A Revolução de 1959 foi um produto da revolução nacional, anti colonial, que estava sendo adiada por 150 anos. Cuba foi o país que por último se tornou independente da Espanha. A revolução de 1959 também sofreu a influência direta da Revolução de 1930 a 1933, que teve uma forte participação da classe operária, e que foi derrotada; também teve influencia do golpe aplicado pelo imperialismo na Guatemala, em 1954, contra o presidente nacionalista Jacob Arbenz. Na época, o próprio governo nacionalista de Arbenz e o Partido Comunista da Guatemala, influenciado pela política soviética de alianças com o imperialismo, se negaram a armar os trabalhadores e, principalmente, a armar a classe operária.

 

A radicalização da Revolução Cubana

 

camilo cienfeugosAs expropriações que aconteceram em Cuba depois de 1959 foram, em grande medida, ditadas pela necessidade de adotar medidas contra a desagregação da economia. Por exemplo, houve uma forte pressão do movimento camponês pela realização da reforma (revolução) agrária que foi realizada imediatamente, inclusive, com a desapropriação de grandes empresas norte americanas.
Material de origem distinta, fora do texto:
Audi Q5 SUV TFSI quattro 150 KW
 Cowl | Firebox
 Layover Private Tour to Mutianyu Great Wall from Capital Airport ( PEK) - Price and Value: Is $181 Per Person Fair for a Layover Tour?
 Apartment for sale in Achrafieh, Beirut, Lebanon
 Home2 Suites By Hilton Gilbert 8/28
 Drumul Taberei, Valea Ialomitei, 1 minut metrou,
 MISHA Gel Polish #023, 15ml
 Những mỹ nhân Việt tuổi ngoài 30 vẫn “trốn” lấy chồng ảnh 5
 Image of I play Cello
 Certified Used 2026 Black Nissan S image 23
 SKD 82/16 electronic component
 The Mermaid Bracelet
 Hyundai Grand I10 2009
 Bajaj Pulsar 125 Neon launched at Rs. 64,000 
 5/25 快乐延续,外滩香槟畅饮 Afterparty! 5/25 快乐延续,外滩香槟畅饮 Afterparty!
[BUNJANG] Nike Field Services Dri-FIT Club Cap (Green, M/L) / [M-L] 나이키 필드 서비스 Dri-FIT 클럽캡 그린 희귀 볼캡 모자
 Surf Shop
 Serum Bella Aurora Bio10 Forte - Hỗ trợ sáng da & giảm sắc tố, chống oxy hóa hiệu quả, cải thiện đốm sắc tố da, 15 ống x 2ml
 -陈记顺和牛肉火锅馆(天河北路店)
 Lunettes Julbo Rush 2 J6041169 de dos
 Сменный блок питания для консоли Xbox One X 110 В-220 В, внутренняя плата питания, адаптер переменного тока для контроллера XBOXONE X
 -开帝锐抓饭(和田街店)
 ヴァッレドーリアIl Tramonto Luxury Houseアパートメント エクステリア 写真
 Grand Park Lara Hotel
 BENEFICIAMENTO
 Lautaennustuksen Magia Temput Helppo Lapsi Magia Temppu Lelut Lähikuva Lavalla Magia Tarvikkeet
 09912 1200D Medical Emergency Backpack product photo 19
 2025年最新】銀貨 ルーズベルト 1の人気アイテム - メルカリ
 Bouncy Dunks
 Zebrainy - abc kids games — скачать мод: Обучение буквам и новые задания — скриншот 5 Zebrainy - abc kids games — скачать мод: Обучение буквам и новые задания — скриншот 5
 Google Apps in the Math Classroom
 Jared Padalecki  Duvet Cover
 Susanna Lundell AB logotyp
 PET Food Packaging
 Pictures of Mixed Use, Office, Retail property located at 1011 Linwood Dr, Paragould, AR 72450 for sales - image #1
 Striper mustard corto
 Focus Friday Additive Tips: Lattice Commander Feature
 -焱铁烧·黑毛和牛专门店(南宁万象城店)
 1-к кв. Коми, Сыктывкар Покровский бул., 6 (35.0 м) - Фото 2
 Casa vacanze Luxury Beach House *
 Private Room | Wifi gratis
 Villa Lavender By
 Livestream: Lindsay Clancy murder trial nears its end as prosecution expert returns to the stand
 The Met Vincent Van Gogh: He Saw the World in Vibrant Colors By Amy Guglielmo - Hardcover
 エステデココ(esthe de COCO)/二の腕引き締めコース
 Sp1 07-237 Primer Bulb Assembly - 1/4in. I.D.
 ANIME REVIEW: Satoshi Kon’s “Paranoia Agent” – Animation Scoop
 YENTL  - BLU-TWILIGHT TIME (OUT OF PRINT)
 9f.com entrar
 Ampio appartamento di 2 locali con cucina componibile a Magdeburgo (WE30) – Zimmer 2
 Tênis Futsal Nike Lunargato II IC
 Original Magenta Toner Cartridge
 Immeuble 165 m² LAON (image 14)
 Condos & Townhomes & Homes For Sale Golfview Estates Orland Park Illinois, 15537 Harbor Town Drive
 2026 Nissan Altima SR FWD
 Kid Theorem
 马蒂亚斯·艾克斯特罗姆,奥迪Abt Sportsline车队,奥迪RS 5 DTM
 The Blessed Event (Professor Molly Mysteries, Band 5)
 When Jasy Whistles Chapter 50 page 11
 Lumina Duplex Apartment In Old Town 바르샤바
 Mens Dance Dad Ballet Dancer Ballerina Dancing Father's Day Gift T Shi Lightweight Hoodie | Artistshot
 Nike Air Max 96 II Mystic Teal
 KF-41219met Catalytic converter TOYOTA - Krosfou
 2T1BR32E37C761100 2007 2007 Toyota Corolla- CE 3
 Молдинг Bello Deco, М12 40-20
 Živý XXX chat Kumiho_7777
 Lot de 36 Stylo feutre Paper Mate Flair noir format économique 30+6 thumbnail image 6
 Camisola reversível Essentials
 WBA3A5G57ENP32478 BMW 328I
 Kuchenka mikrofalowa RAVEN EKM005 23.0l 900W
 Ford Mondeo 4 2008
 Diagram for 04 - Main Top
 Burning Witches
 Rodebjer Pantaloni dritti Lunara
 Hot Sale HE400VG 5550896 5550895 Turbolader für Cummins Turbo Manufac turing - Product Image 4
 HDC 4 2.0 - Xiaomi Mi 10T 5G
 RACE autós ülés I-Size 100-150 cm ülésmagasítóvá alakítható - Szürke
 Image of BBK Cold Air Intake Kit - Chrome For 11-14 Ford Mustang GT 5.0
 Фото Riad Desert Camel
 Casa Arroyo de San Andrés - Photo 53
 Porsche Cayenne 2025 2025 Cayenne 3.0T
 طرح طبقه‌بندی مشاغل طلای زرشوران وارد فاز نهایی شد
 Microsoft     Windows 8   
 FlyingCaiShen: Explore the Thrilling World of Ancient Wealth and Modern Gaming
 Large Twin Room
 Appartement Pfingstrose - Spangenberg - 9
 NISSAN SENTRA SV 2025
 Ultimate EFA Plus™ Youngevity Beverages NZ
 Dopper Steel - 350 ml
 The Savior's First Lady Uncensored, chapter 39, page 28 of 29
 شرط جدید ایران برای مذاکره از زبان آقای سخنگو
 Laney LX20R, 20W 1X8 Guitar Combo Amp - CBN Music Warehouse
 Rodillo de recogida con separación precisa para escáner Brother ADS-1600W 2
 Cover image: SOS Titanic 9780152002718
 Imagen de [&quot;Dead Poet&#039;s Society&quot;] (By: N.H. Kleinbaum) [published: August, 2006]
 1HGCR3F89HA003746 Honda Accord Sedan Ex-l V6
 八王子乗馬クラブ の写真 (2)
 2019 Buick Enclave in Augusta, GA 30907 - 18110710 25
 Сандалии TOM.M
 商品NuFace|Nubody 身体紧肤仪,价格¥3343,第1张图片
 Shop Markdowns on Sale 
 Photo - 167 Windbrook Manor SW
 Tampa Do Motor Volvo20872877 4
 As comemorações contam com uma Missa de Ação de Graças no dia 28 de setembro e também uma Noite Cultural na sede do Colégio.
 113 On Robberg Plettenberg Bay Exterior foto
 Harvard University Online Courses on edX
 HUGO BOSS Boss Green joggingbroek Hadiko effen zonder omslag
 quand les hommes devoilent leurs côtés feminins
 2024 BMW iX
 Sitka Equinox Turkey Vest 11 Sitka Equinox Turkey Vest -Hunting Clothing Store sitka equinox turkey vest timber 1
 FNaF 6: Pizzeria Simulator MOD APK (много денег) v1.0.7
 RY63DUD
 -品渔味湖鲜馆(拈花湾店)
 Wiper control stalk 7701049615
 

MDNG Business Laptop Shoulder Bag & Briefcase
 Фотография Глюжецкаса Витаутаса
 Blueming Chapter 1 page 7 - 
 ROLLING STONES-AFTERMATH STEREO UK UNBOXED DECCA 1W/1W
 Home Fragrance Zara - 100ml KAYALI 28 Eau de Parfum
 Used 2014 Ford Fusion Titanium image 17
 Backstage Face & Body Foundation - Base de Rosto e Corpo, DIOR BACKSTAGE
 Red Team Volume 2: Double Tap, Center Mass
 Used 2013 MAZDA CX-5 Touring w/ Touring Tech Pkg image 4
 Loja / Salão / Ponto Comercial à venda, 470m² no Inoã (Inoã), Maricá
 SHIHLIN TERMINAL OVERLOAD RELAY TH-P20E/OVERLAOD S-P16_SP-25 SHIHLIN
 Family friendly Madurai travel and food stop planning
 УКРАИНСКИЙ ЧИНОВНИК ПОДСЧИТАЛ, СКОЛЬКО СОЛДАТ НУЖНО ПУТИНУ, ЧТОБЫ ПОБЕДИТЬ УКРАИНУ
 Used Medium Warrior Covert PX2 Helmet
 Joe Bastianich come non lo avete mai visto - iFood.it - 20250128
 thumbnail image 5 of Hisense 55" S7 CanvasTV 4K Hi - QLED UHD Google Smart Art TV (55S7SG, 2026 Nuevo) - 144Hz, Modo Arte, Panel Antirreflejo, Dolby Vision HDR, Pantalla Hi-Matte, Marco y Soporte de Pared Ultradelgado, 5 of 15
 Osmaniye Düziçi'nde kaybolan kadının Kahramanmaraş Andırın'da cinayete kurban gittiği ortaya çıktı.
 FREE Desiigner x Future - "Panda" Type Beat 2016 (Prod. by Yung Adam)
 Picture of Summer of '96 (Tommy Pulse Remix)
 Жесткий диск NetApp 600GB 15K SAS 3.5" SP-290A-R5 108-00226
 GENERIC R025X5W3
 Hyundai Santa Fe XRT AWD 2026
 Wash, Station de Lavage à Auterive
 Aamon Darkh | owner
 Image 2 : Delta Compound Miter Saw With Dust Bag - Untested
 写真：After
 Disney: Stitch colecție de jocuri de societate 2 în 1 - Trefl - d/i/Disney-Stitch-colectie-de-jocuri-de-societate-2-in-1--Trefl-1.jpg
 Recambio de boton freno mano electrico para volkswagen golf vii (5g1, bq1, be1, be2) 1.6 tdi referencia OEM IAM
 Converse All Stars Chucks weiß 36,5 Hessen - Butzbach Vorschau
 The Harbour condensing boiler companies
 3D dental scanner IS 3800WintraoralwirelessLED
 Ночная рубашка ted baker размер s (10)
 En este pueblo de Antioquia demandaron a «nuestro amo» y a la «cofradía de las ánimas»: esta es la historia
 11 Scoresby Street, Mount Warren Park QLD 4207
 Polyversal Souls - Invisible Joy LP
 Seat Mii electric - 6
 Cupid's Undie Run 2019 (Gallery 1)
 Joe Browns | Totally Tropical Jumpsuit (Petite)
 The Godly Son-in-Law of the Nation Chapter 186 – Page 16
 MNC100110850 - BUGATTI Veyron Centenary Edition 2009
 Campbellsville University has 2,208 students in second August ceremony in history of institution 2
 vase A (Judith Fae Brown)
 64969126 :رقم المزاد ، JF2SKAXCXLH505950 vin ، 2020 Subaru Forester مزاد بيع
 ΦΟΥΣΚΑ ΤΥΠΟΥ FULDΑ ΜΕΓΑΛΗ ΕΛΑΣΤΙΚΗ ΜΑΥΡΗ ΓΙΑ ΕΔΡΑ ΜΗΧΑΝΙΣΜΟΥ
Um fato bastante importante foi a enorme marcha, que aconteceu após o triunfo da Revolução, em janeiro de 1959, das prostitutas de Havana que tinham ficado sem emprego porque Cuba, na época, funcionava como uma espécie de prostíbulo dos Estados Unidos. Nesse sentido, o regime foi pressionado pelo movimento de massas para a esquerda numa situação em que o País se encontrava controlado por grandes empresas norte americanas. Num certo momento, o governo se viu contra a parede e foi obrigado a adotar uma série de medidas contra empresas petrolíferas que não estavam mais refinando o petróleo e provocando a paralisia da economia por causa da falta de combustíveis.

A radicalização do movimento de massas levou o governo cubano à esquerda, imposto pela própria situação da mesma maneira que em outras situações revolucionárias isso acabou acontecendo como, por exemplo, com o chavismo a partir do golpe fracassado de 2002. Essa radicalização impôs o surgimento de comitês populares que tiveram muita força levando, inclusive, à instituição de comitês de julgamento de torturadores, nos quais Che Guevara teve um papel importante; mas ele acabou sendo ultrapassado e os torturadores mais ferozes foram fuzilados em cima da pressão popular.